Fait et délibéré en séance, le jour, mois et an susdits, et ont signé au registre les membres présents. 3
Délibération n° 20200129-003 : RESSOURCES HUMAINES – PERSONNEL COMMUNAL – Contrat d’apprentissage – Services techniques – Espaces verts – Modalités d’emploi – Autorisation de signature Rapporteur : monsieur le maire
Il est rappelé que le Contrat d'Apprentissage est un contrat de droit privé en alternance visant à l'obtention d'un diplôme ou titre professionnel conclu entre un apprenti et un employeur dans lequel l'employeur s'engage à assurer à l'apprenti une formation professionnelle, dispensée, pour la partie pratique, dans la collectivité territoriale ou l'établissement public et, pour la partie théorique, dans un centre de formation d'apprentis (CFA).
L'apprenti, quant à lui, s'engage à travailler pour la collectivité employeur pendant la durée du contrat, à suivre sa formation et à se présenter aux épreuves du diplôme ou titre prévu dans le contrat ; il reçoit à ce titre une rémunération de l'employeur.
Pendant sa formation pratique, l'apprenti est sous la conduite d'un maitre d'apprentissage. La désignation d'un maître d'apprentissage est obligatoire. Il s'agit nécessairement d'un agent de la collectivité qui dispose de diplômes ou de l'expérience dans le domaine professionnel dans lequel l'apprenti suit sa formation. Le maître d'apprentissage accompagne l'apprenti dans toutes ses activités, suit son parcours de formation au CFA et assure son évaluation. Peuvent être apprentis :
- les jeunes âgés de 16 à 29 ans révolus,
- les personnes reconnues travailleurs handicapés sans limite d'âge.
Des dérogations peuvent exister à ces limites d'âge.
Le contrat d'apprentissage est un contrat à durée déterminée.
En principe, la durée du contrat peut varier de 6 mois à 3 ans. Sa durée est au moins égale à celle du cycle de formation ; elle peut être prolongée en cas d'échec à l'examen.
Le contrat d'apprentissage peut être prolongé d'1 an au maximum, sur accord entre, l'apprenti, la collectivité et le CFA, en cas de, redoublement, réorientation ou spécialisation complémentaire de l'apprenti ou de maladie.
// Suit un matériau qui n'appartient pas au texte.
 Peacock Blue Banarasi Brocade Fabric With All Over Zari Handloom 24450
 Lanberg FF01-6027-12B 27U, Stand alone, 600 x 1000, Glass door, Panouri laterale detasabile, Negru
La durée maximale du contrat peut être portée à 4 ans lorsque la qualité de travailleur handicapé est reconnue à l'apprenti. Le contrat d'apprentissage peut également être suspendu, en cas de :
- mise en danger de l'apprenti,
- non-conformité des installations,
- discrimination,
- harcèlement de tout type, etc
Au cours de cette suspension, la rémunération de l'apprenti est maintenue. Il doit continuer à suivre sa formation théorique.
Employeur et apprenti ont chacun la faculté de rompre unilatéralement le contrat, sans motivation, sans préavis ni indemnité pendant les 45 premiers jours de son exécution ; cette période commence à courir, non pas à la date d'embauche, mais au premier jour d'exécution réelle du contrat.
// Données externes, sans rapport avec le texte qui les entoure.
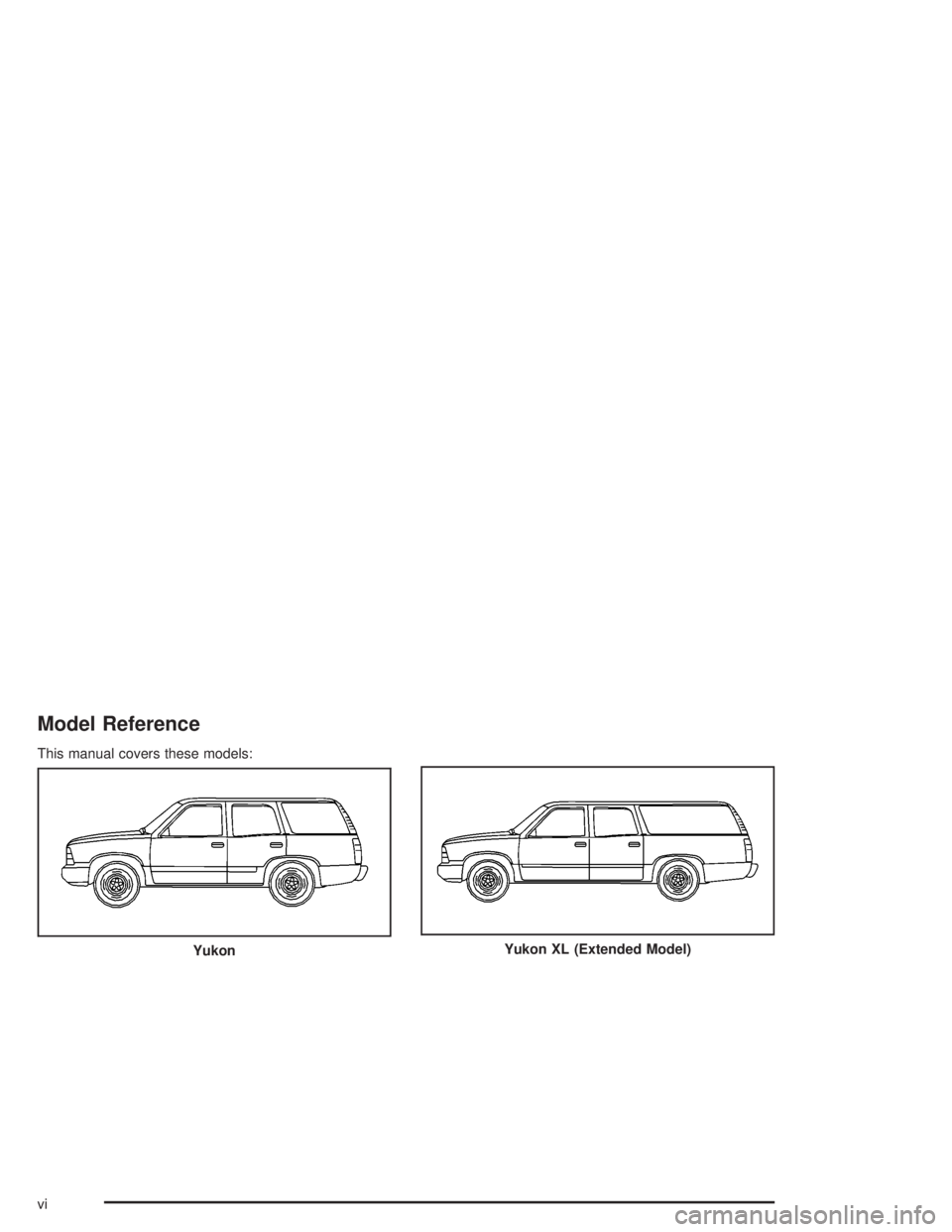 GMC YUKON 2004  Owners Manual Model Reference
This manual covers these models:
Yukon
Yukon XL (Extended Model)
vi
Cette période ne peut être ni réduite, ni allongée, sauf en cas d'absence de l'apprenti pour maladie, durant cette période, celle-ci est suspendue et prolongée d'autant.
Les apprentis relèvent du régime général de la sécurité sociale et sont affiliés à l'IRCANTEC pour le régime de retraite complémentaire.
Le temps de travail comprend le temps passé dans la collectivité et au CFA.
La durée hebdomadaire de service est de 35 heures.
Les heures effectuées au-delà de la durée légale de travail sont considérées comme des heures supplémentaires et doivent faire l'objet d'une majoration de rémunération ou d'un repos compensateur.
Les apprentis relèvent, en matière d'aménagement du temps de travail, des mêmes réglementations que les autres salariés à l'exception des apprentis mineurs pour lesquels de nombreuses dérogations sont prévues. Le salaire versé aux apprentis est déterminé en pourcentage du salaire minimum de croissance (SMIC) et fixé par décret. Ce pourcentage varie en fonction de :
- l'âge,
- l'ancienneté du contrat,
- le niveau du diplôme préparé (majoration spécifique secteur public)
A noter que : les apprentis âgés de 26 ans et plus perçoivent quant à eux 100% du SMIC au minimum, quelle que soit la durée du contrat ou la nature du diplôme préparé.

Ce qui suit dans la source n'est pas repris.